Page MenuHomePhabricator

Consider scrapping Schema:PageContentSaveComplete and Schema:NewEditorEdit, given we have Schema:Edit
Closed, DeclinedPublic

Description

It'd be nice to consolidate and lighten the load on the EL system. However, Schema:Edit isn't running on 100% of edits; is this going to be a problem?

Event Timeline

Actually we do not want to have large -catch it all schemas bur rather distinct schemas per event. Thus having an schema for NewEditorEdit makes a lot of sense. I would go the opposite way and say that Edit schema should be split in more meaningful sections.

@Nuria, I don't think breaking down Edits by who does the editing makes sense, but there's still a lot of breakdowns we can do of Schema:Edit.
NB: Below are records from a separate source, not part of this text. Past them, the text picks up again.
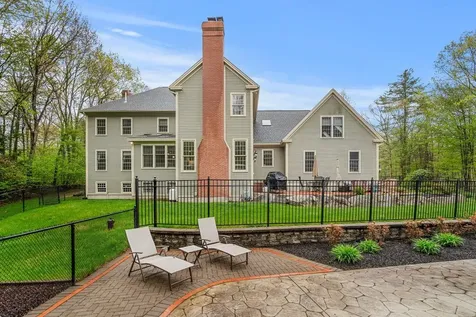 12 Mcintosh Lane Bedford NH 03110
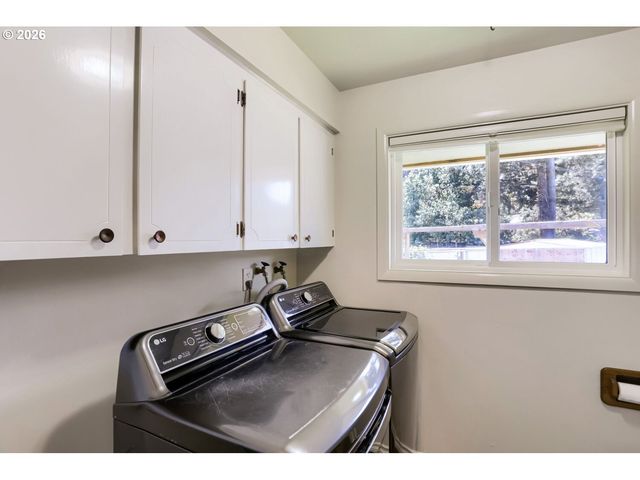 13614 Se HARRISON Ct, Portland, OR 97233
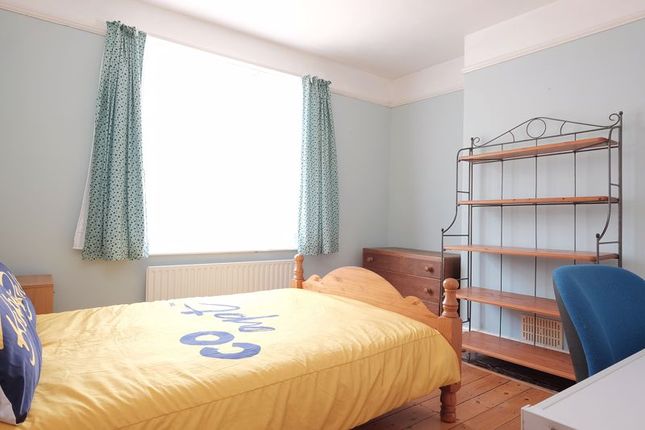 Terraced house to rent in Coombe Road, Brighton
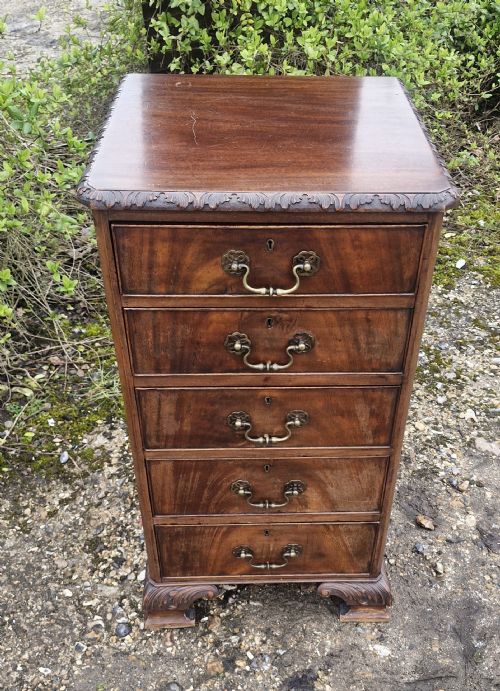 late victorian narrow mahogany chest of drawers with hobbs locks - CATEGORY: ANTIQUE CHEST OF DRAWERS - DATED 1900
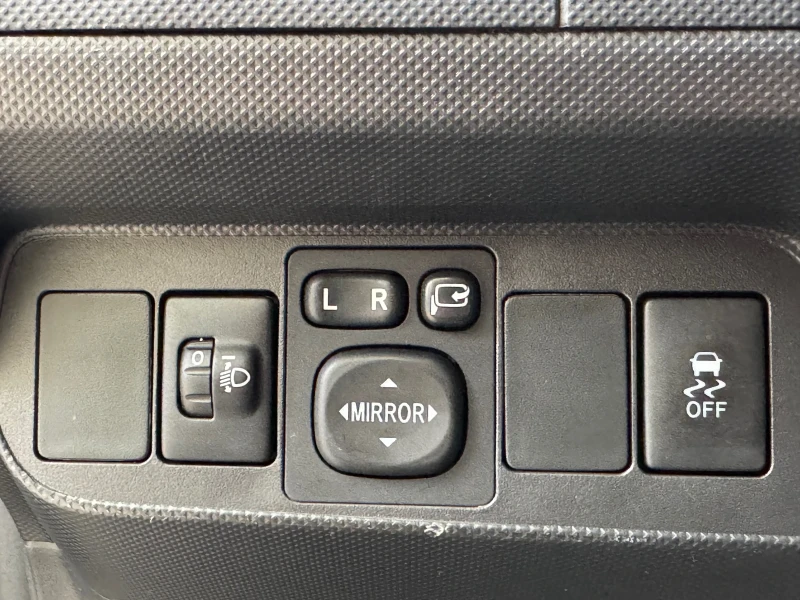 Toyota Auris 1.6vvt-i-132ps-155хил.км, снимка 13 - Автомобили и джипове - 51746139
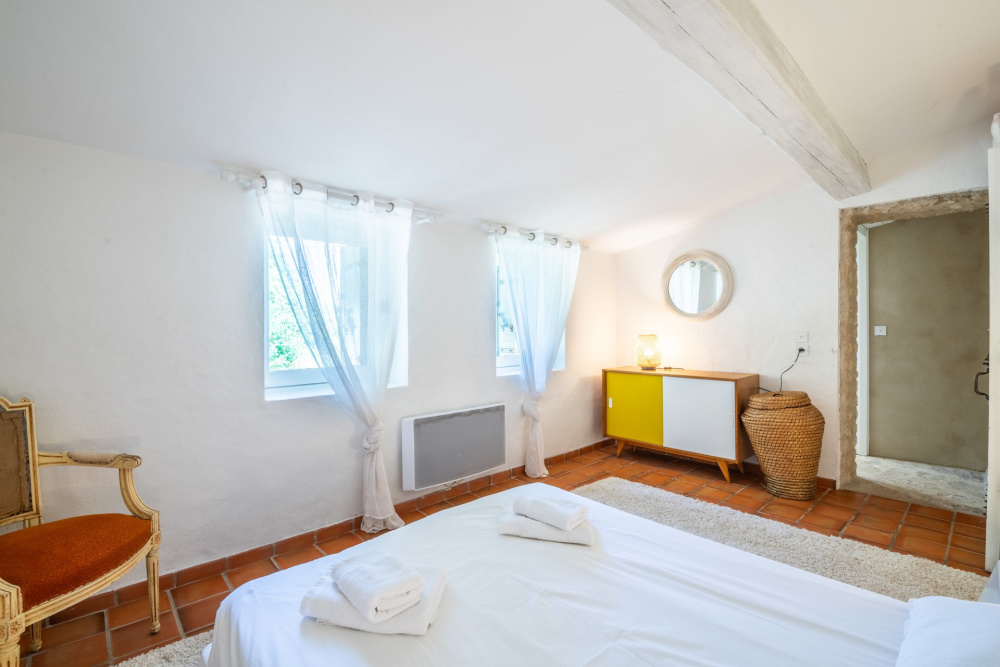Photographs of Mas la Gineste villa in Provence - Image 31 of 46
Here's an old proposal that I put together for @Jdforrester-WMF: https://etherpad.wikimedia.org/p/schema_edit

@Halfak: agreed, my meta-point is that edit schema doesn't need more data flowing into it, rather less. Should be split as you noted.
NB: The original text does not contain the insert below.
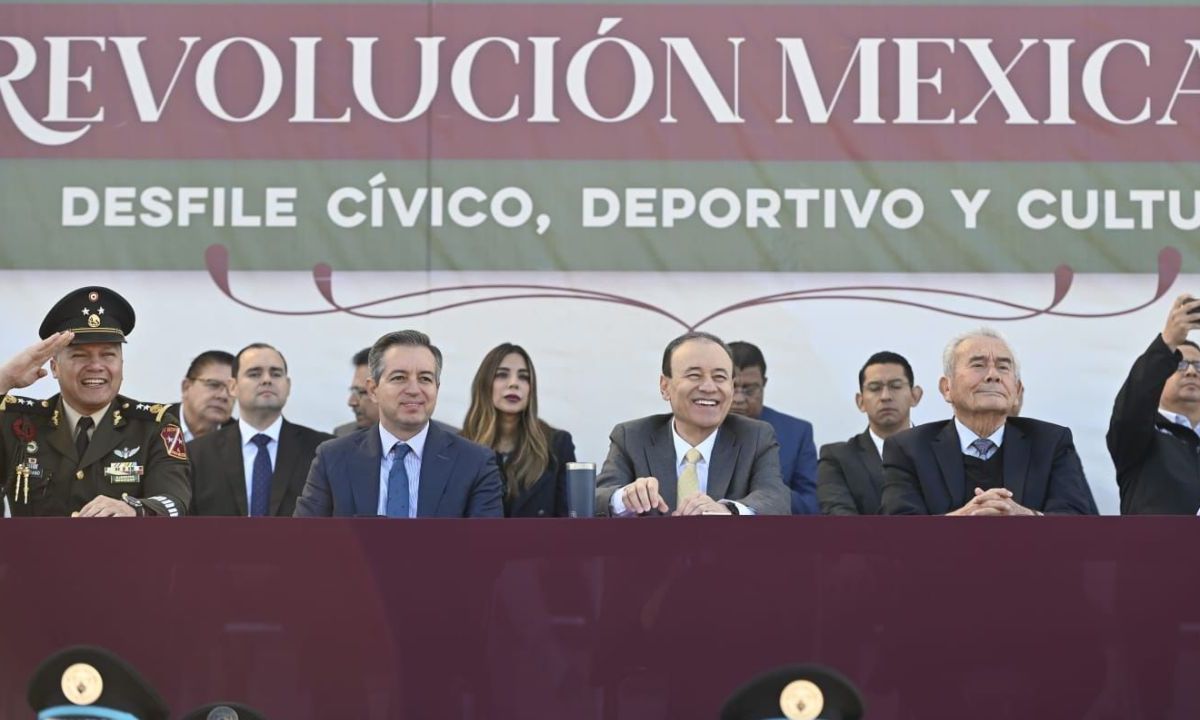 Durazo acompaña a 5 mil jóvenes en el desfile por el 114 aniversario de la Revolución Mexicana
@Halfak, cool! Normalizing the schema seems like a good idea; that could be part of my work on T118063.

Milimetric claimed this task.
Milimetric subscribed.

Declining this then, in favor of future work that normalizes the schema.

I've been thinking about it, and I'm not actually sure it makes sense to normalize the schema. Even if we do that, I don't see any reason to keep NewEditorEdit. I'll keep this open while I think about it.

Milimetric moved this task from Incoming to Analytics Query Service on the Analytics board.
Milimetric moved this task from Analytics Query Service to Radar on the Analytics board.
Milimetric set Security to None.

Benefits of denormalizing:

  • Querying will be easier in general
  • Storage space will be substantially reduced
  • Performance for specialized queries (e.g. how many events per EditingSession?) will see substantial performance increases
  • Less data is sent from the browser client per event.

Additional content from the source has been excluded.